Is it safer to have a baby at home or in a hospital? Depends on your country.
A review article published several months ago came to a startling conclusion: For low-risk pregnant women, it is safer to have a baby at home than in a hospital. The data upon which the review was based came from Britain.
But earlier this month, a study in the U.S. was released, which had different findings: Although planned home births were associated with a lower rate of cesarean section than standard in-hospital births, babies born following planned home birth were slightly more likely to die (3.9 versus 1.8 deaths per 1,000 deliveries). Interestingly, babies born following home births were less likely to end up in a neonatal intensive care unit (NICU).
In other words, while there seem to be advantages to home birth in the U.S. (lower rates of NICU stays, higher rates of uncomplicated vaginal deliveries), unlike in the U.K., neonatal outcomes seem to be better overall in the hospital setting.
What explains these interesting and somewhat contradictory findings?
First, in Britain at least, the fancy tests, procedures, and other tools that clinicians use in the hospital setting may do almost as much harm as good. In the hospital, obstetricians are more likely to intervene with forceps and perform other interventions during delivery — which may lead to complications for the baby. Additionally, babies born in the hospital setting are exposed to infections that lead to complications. As a result, babies seem to do at least as well when born at home rather than in a hospital.

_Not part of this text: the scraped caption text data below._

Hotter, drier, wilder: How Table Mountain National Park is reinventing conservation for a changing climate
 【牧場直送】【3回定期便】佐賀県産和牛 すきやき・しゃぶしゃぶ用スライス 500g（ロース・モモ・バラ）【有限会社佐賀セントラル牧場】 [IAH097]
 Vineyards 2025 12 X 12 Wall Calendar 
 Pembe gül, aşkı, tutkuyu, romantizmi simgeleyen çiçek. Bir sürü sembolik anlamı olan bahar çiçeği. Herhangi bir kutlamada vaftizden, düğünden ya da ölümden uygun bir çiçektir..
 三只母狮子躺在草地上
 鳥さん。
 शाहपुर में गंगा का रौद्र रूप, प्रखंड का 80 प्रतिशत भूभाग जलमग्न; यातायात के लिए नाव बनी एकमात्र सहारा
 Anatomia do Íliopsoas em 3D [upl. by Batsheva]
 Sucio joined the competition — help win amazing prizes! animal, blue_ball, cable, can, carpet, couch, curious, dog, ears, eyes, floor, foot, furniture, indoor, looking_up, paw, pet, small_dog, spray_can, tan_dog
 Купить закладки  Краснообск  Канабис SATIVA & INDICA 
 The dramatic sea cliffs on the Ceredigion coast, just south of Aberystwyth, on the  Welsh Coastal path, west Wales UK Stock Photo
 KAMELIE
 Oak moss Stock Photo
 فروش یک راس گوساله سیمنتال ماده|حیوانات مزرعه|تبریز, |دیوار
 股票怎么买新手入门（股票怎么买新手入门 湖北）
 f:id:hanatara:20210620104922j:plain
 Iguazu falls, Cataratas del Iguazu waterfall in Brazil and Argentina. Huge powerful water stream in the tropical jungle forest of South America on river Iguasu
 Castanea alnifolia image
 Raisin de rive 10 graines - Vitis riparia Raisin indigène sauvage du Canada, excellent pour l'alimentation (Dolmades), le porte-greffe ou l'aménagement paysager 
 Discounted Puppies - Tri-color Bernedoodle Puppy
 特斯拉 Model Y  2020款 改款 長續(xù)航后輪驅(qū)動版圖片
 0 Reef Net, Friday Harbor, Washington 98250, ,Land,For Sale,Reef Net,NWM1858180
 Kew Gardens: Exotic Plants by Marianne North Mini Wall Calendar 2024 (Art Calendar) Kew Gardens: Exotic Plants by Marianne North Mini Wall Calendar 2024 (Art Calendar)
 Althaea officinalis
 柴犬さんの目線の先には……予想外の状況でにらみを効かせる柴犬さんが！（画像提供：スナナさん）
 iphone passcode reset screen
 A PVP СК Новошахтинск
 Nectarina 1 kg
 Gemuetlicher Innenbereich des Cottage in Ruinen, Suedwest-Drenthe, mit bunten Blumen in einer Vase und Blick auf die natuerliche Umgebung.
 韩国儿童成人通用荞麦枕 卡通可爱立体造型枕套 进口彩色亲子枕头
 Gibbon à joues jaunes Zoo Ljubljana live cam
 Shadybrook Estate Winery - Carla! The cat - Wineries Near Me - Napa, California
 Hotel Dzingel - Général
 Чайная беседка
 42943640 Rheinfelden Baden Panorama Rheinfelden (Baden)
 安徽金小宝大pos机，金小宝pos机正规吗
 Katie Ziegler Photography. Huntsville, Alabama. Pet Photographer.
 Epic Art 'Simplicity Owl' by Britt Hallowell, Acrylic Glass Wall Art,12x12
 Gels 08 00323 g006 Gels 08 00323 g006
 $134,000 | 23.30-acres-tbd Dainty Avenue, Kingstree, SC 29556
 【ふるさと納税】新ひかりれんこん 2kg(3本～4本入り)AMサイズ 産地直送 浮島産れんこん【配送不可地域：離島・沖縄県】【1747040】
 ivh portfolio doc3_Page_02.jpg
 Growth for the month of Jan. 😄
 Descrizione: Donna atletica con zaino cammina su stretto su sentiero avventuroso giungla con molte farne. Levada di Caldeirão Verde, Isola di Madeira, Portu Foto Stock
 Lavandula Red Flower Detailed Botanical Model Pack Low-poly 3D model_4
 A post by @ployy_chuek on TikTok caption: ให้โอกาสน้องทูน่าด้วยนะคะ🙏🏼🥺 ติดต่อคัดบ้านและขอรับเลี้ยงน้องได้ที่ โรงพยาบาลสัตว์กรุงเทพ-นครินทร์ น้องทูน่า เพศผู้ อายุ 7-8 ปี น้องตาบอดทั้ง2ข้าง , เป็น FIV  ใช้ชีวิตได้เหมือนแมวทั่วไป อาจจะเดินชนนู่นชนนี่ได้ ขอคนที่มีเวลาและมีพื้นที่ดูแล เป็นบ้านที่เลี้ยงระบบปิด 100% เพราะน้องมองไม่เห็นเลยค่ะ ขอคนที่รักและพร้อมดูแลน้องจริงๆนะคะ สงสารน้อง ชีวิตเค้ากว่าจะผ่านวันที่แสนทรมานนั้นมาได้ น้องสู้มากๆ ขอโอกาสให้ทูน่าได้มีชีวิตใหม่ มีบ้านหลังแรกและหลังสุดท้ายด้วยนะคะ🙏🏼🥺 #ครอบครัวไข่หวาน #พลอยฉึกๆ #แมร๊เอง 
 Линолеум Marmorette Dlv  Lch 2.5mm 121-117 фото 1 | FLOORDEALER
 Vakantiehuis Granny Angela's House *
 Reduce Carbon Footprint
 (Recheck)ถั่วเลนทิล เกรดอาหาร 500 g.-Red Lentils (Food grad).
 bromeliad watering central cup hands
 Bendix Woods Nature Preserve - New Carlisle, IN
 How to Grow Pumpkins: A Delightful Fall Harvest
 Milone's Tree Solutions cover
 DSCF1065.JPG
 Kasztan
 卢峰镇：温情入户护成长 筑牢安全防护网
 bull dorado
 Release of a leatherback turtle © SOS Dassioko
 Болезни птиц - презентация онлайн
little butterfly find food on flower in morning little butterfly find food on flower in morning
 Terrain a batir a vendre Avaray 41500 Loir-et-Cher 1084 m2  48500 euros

In the U.S., hospital deliveries are also fraught with these perils. Yet hospital deliveries appear safer than deliveries at home here.
Why? In Britain, when a complication occurs during a home delivery, there areeffective system to rapidly transfer women to the hospital in a timely manner for appropriate treatment. Specifically, there are protocols to quickly transfer women experiencing complications to the hospital using emergency medical services. In fact, almost half of British women attempting home births end up being transferred to the hospital — a testament to just how functional these systems are.
But in the U.S., such protocols are poorly developed, and relationships are rarely in place to enable rapid hospital transfers when a woman experiences a complication while giving birth. Not surprisingly, babies born following home birth attempts in the U.S. experience worse outcomes on average.
There are some important Slow Medicine takeaways from this new research. First, it appears that in the U.S. we ought to develop effective transfer systems that would allow for safer births outside of a traditional hospital setting. As an initial step, it would be sensible to investigate the use of free-standing birthing centers (frequently staffed with midwives) that have close ties to hospitals and may already have many of the systems in place to enable rapid hospital transfers when complications arise.
Just as importantly, these results should trigger a reassessment of how we care for women delivering babies in the hospital setting. Perhaps it is time for us to re-examine the invasive things we do to women during the birthing process. It appears that many of the interventions that clinicians perform — forceps deliveries, early C-sections, and other procedures — may not be necessary and can in fact be harmful.